A série “3 %”, primeira produção brasileira da Netflix, estreou causando debates, discussões e uma certa repercussão negativa.
Desacostumados com séries brasileiras de ficção científica, ainda mais de clima “pós-apocalíptico”, os brasileiros foram críticos ao que viram com a mesma intensidade com que vibraram ao saber que a série seria desenvolvida.
Além de colocar o Brasil no radar das produções internacionais , graças ao alcance da gigante do Streaming mundial, “3 %” também evidenciou algumas coisas importantes sobre produções do tipo.
“As pessoas não falam desse jeito na vida real”

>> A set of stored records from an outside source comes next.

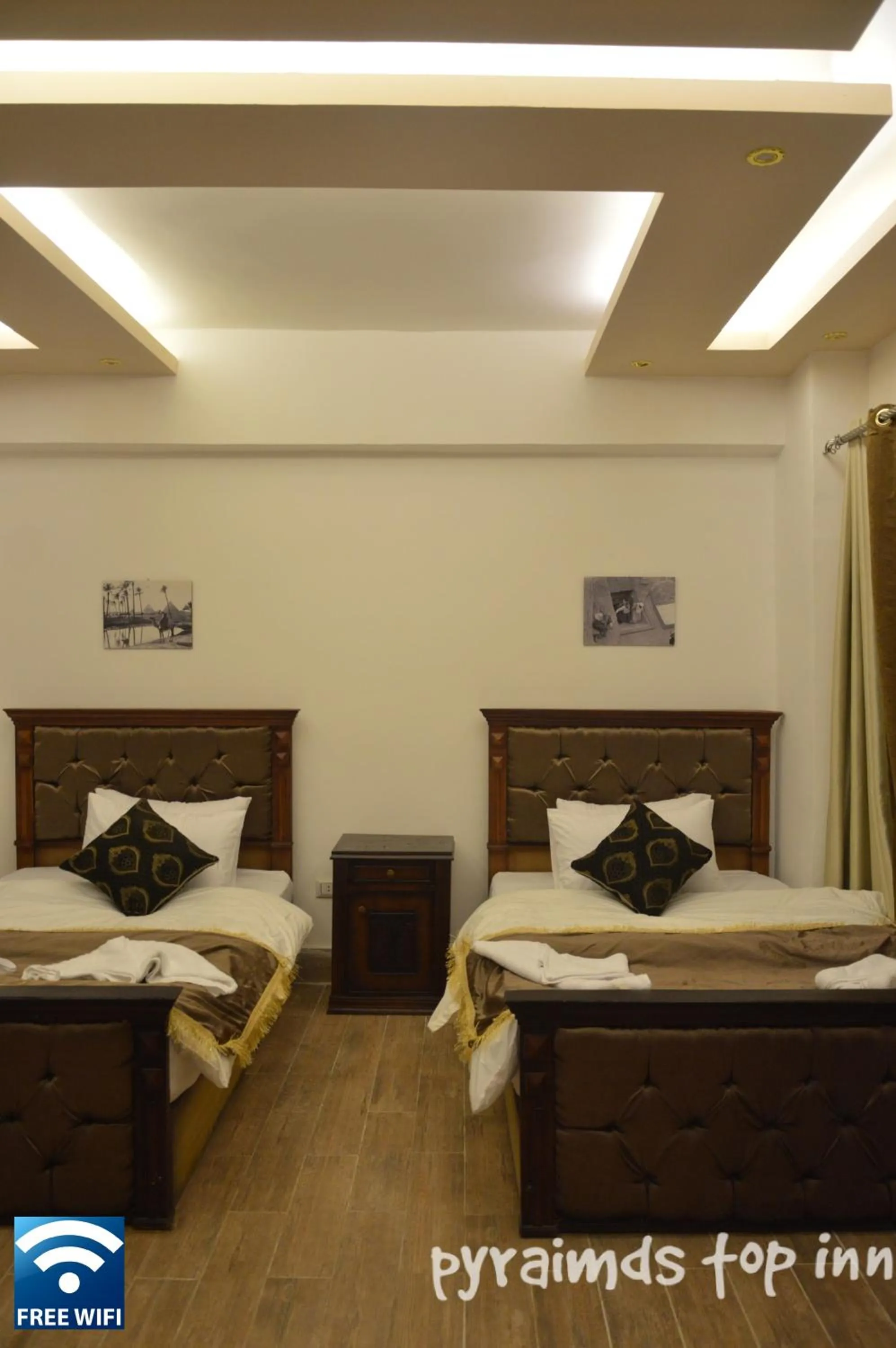 Bed in Pyramids Top Inn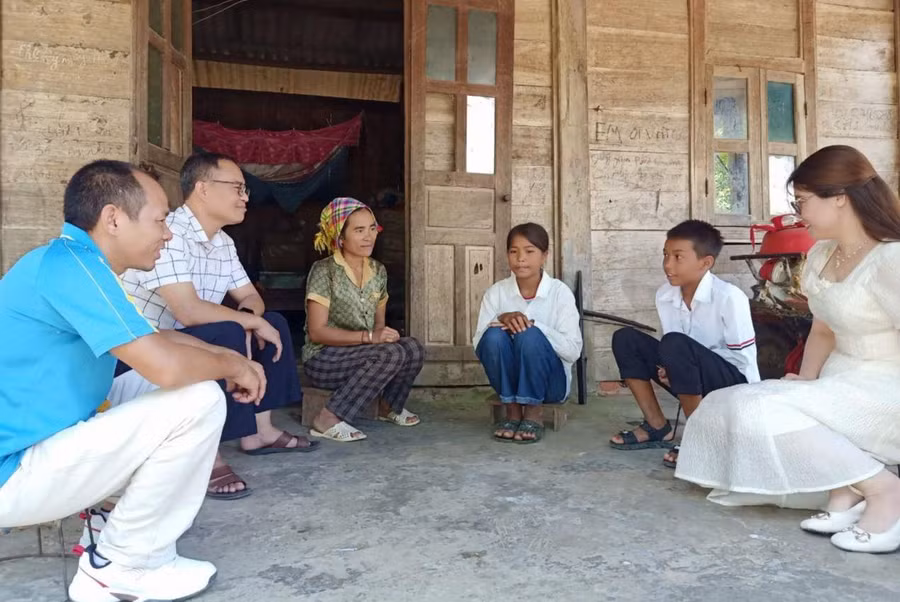  Bí thư Đảng ủy xã Nậm Manh (thứ 2 từ trái qua) cùng nhà trường đến tuyên truyền, vận động học sinh ra lớp.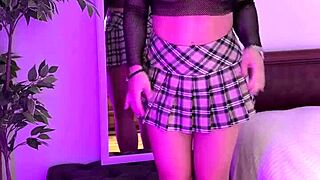 Watch this hot milf tear her tights apart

Em diversos momentos, os atores falam de uma forma diferente de como falamos na vida real. Não estou falando sobre os momentos em que o roteiro cria falas que apenas explicam demais uma determinada situação – nestes casos, 3 % realmente falha ao subestimar o espectador. Estou falando da maneira como os atores falam, da entonação de alguns, da cadência de outros.

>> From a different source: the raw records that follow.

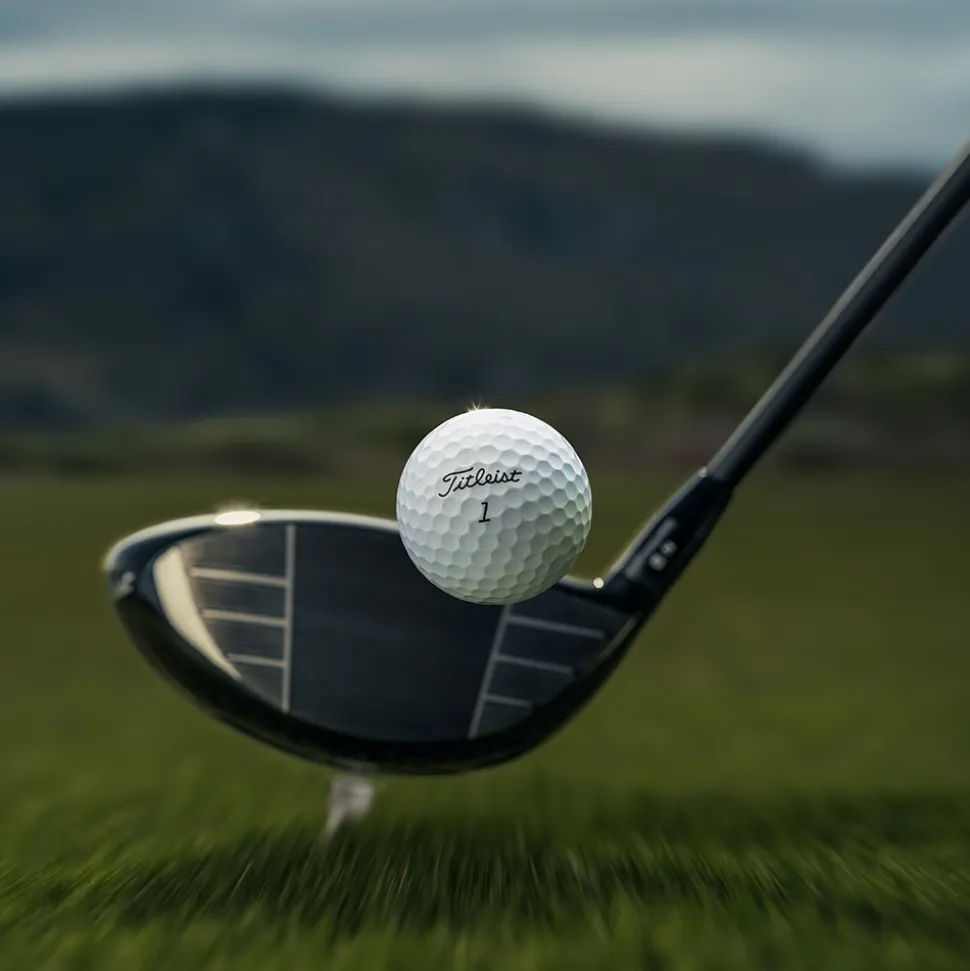 Pro V1 Golfball Golfshopen.no Logo Hvit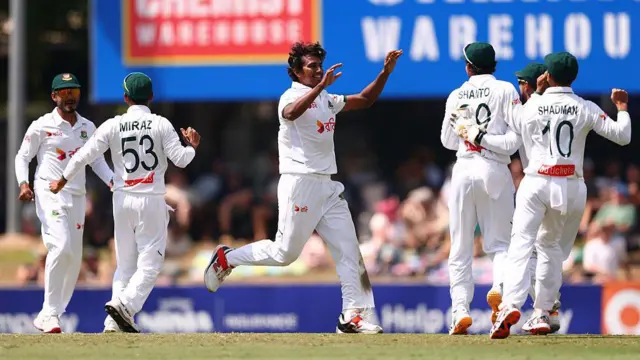 প্রথম ইনিংসে ৬ উইকেট নিয়েছেন ম্যাচ সেরা হাসান মাহমুদ 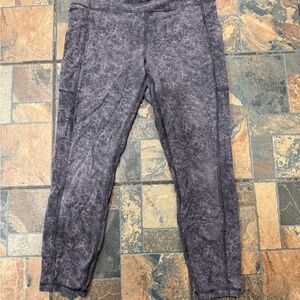 Lululemon Athletica Gray Patterned Leggings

Sabe o que é diferente nas séries americanas que você tanto assiste? A língua! Aqui, eles falam português, e não inglês. Ao vermos uma série em outra língua, mesmo que saibamos um pouco dela por conta do cursinho de inglês, não nos damos conta de como as pessoas da “vida real” não falam daquele jeito.
Convenções criadas
Quando vemos uma produção fictícia, utilizamos uma espécie de filtro que aceita determinadas convenções. Como a grande maioria do público de 3 % estava vendo uma ficção científica na TV pela primeira vez, ainda não tinha desenvolvido tais convenções. Afinal, nas novelas as pessoas não falam “como na vida real”. Note como elas repetem os nomes dos interlocutores, não falam quase nada de palavrão e repetem uma história para alguém que sabe do assunto. São convenções que já aceitamos.
Um exemplo muito comum é quando o personagem A, que cometeu um crime, ouve do personagem B a seguinte frase: “eu sei que você matou a personagem C no dia da festa de casamento”, em vez de apenas dizer “eu sei o que você fez”. Trata-se de um recurso necessário para o espectador aleatório compreender, e também para que a mocinha da história possa escutar pela fresta da porta.

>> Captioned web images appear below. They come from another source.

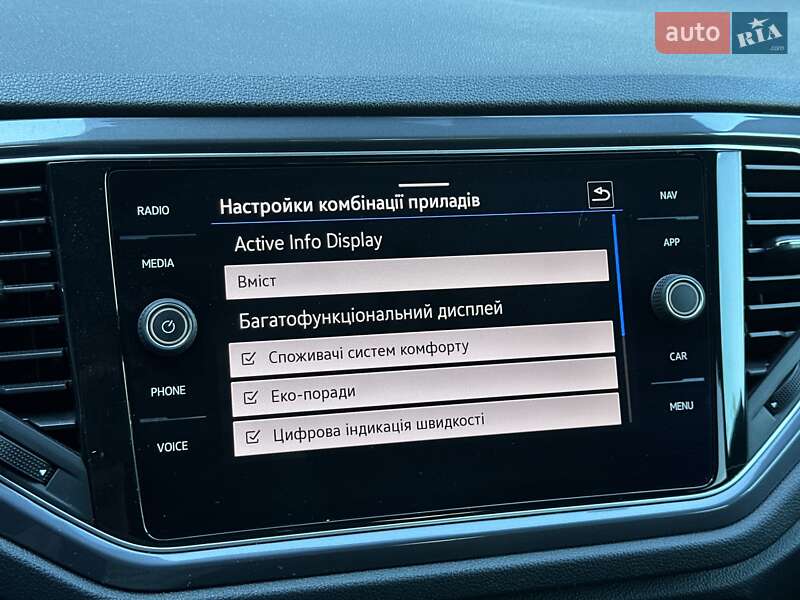 Позашляховик / Кросовер Volkswagen T-Roc 2021 в Мукачевому
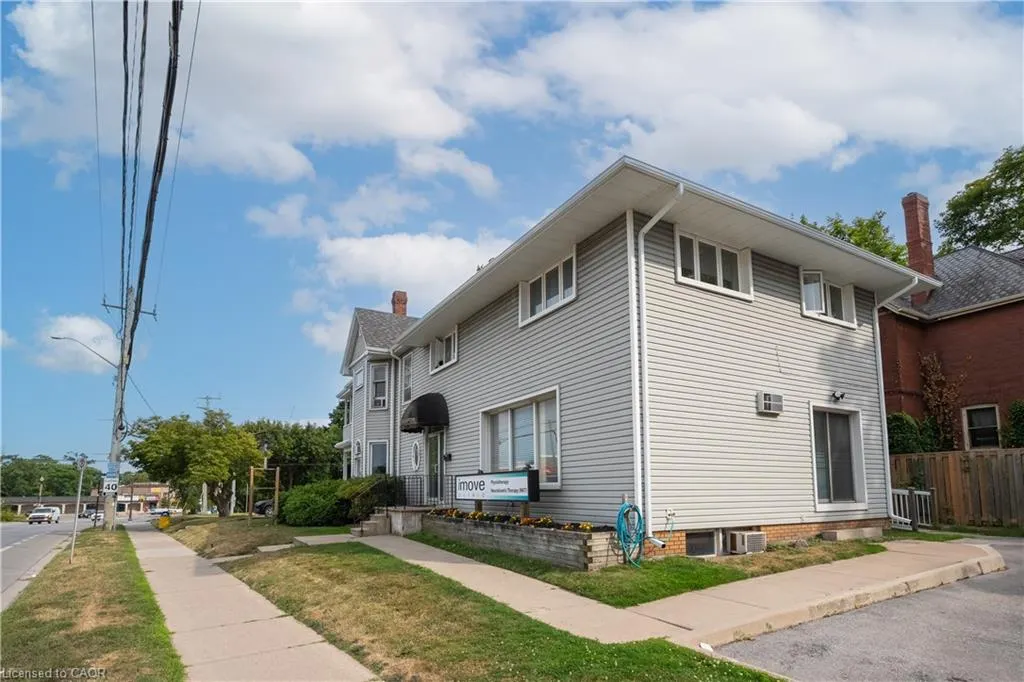 1 Livingston Avenue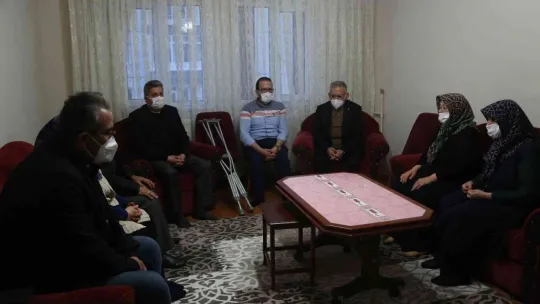 Şehit Eren'in annesine taziye ziyareti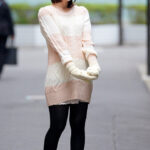 ＜素人＞ 【雪肌・純白19才】初めての彼氏が魔チ●ポすぎてSEX中毒になった19才！ピル飲まされ冬休み中おうちで生ハメSEX三昧 都会に染まる田舎ピュア娘ぇ【流出厳禁】 『FANZA』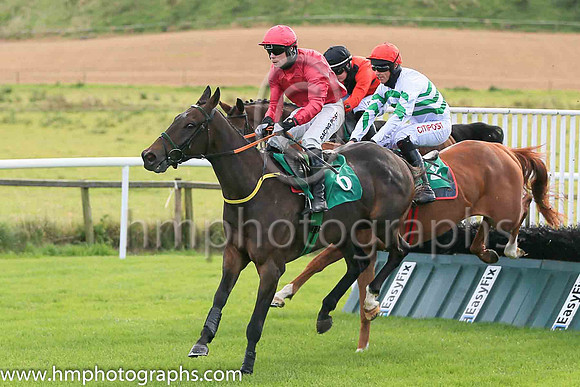 01st Tullybeg and D N Russell ( 2 , green and white chevrons ) Trainer - G Elliott , Owner - Noel Moran  Mrs Valerie Moran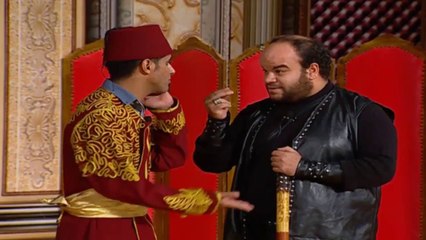 عبد الرحمن بيخرج عن النص و يضرب حمدى الميرغنى بالقلم ... #تياترو_مصر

É curioso notar, também, como temos mais resistência a aceitar as convenções de filmes e séries de ficção mesmo com a experiência de produções estrangeiras dubladas. Afinal, criamos a convenção de aceitar até mesmo vozes repetidas e expressões usadas só em produtos dublados.
No fim das contar, “3 %” é uma série com muitas falhas, e algumas delas residem na forma como os diálogos foram concebidos… mas jamais deve ser criticada pelo simples fato de não estarmos acostumados e ver uma produção brasileira do tipo. Sobrou até mesmo para os efeitos especiais, que foram criticados quando na verdade estão na média das produções televisivas.
Assim como a produção nacional precisa superar barreiras para conquistar a audiência cada vez mais exigente, é importante que o público saiba quebrar outras barreiras para amadurecer a compreensão do que assiste…
… até por que não tem coisa mais estranha que ver personagens da Roma antiga falando inglês britânico, e nós já naturalizamos isso há muito tempo!